DATASET RECORDS
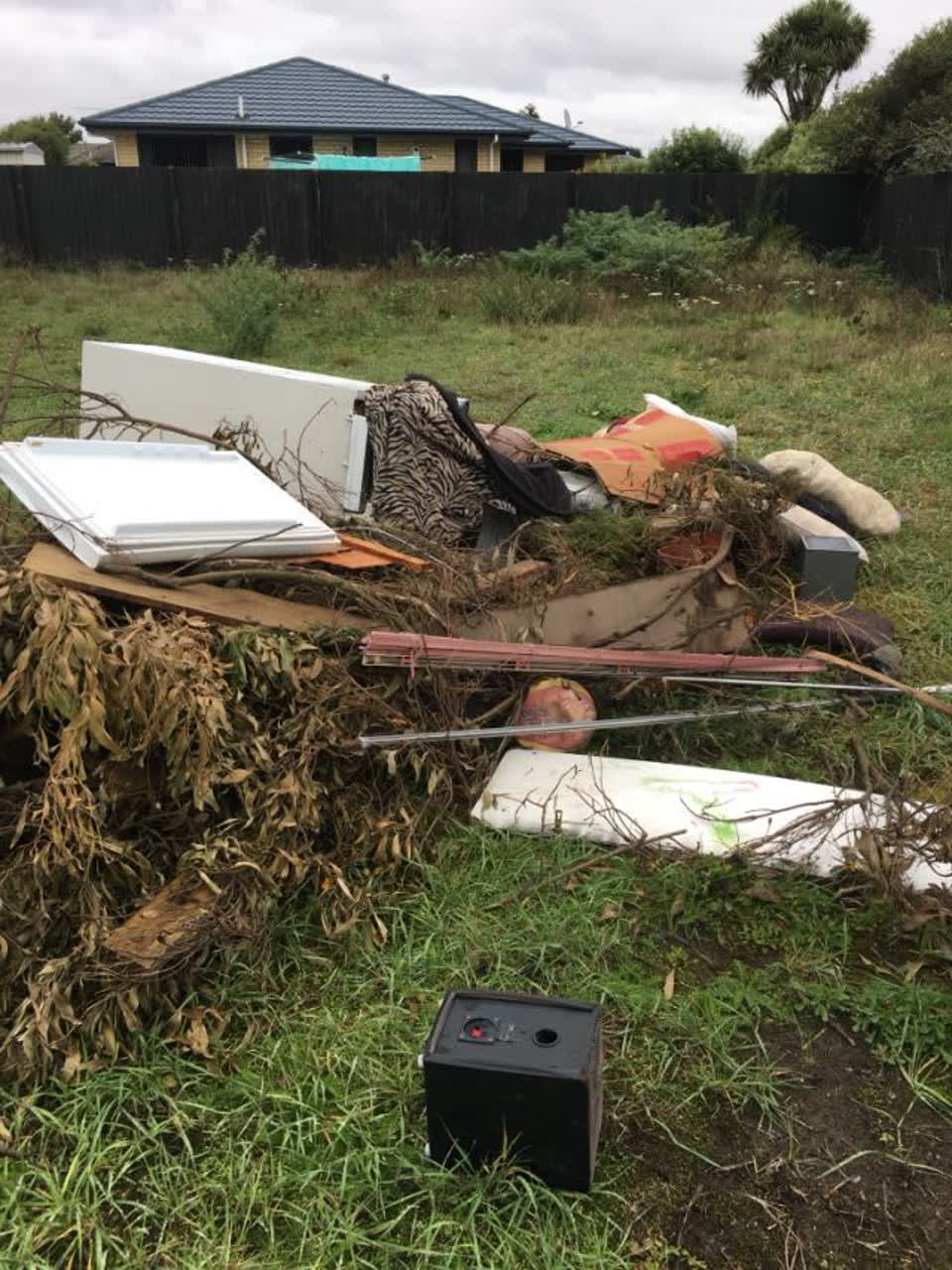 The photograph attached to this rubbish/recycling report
---
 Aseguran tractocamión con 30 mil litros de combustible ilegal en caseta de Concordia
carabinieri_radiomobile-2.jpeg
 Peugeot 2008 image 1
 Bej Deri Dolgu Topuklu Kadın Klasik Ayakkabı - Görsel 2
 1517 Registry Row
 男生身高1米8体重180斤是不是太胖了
==
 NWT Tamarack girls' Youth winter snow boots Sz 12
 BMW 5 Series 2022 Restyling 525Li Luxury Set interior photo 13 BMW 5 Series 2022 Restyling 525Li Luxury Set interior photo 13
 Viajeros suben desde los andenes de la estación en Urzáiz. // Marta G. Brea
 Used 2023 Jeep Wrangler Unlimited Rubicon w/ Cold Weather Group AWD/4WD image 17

WHAT THE EXERCISE ASKS
State how many lines of the listing contain the word "image", giving the number by itself.

OUTPUT FOR THIS TASK
2